[Opening Data for processing section]
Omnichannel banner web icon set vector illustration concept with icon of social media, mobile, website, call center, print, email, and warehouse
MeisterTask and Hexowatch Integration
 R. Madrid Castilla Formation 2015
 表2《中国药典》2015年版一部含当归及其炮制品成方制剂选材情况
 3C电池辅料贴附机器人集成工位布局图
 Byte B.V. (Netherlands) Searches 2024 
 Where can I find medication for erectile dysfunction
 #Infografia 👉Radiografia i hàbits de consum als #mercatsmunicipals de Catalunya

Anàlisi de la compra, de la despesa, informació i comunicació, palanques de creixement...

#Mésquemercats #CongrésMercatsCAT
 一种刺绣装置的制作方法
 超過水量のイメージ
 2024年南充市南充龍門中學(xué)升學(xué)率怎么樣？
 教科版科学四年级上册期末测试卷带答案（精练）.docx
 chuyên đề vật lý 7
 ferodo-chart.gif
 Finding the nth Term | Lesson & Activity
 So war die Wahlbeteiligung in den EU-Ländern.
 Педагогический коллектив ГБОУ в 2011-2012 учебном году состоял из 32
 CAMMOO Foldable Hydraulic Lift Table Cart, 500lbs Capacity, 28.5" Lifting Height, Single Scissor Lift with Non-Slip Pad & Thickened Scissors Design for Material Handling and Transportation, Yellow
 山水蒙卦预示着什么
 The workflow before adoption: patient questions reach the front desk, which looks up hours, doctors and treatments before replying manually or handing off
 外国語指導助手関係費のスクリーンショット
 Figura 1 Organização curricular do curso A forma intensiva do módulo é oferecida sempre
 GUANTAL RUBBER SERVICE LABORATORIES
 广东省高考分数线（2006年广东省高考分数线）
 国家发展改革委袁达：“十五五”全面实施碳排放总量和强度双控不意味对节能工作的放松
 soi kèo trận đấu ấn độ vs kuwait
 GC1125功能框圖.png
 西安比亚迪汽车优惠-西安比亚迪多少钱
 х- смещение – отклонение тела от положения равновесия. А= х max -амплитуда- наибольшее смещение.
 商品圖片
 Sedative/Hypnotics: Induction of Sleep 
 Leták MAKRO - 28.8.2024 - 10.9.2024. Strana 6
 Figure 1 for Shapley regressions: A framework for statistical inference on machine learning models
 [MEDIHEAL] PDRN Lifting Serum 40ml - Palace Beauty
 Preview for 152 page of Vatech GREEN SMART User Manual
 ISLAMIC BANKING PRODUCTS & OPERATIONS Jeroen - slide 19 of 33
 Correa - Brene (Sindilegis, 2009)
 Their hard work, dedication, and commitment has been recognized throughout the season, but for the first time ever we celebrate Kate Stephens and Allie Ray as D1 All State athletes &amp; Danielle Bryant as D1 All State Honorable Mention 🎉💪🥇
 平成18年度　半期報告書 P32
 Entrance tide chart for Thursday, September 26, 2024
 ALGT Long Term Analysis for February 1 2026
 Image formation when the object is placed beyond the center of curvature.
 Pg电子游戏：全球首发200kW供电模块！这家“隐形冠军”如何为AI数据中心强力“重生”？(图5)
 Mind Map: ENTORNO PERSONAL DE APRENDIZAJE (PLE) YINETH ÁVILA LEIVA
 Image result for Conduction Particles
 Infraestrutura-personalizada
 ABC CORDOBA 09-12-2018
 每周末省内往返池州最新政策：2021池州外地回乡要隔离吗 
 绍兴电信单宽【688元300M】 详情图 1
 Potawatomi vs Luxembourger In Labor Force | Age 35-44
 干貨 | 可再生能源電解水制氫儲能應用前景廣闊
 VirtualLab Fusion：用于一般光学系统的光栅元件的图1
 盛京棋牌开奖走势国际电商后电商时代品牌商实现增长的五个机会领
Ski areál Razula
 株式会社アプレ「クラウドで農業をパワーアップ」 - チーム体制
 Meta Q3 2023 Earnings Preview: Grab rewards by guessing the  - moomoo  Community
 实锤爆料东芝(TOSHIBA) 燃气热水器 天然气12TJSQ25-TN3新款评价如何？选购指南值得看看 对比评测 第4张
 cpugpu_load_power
[Closing Data for processing section]
## What needs to be done
Given the records above, return exactly the lines starting at the line containing "#Mésquemercats #CongrésMercatsCAT" and ending at the line containing "Педагогический коллектив ГБОУ", including both.

## Answer
#Mésquemercats #CongrésMercatsCAT
 一种刺绣装置的制作方法
 超過水量のイメージ
 2024年南充市南充龍門中學(xué)升學(xué)率怎么樣？
 教科版科学四年级上册期末测试卷带答案（精练）.docx
 chuyên đề vật lý 7
 ferodo-chart.gif
 Finding the nth Term | Lesson & Activity
 So war die Wahlbeteiligung in den EU-Ländern.
 Педагогический коллектив ГБОУ в 2011-2012 учебном году состоял из 32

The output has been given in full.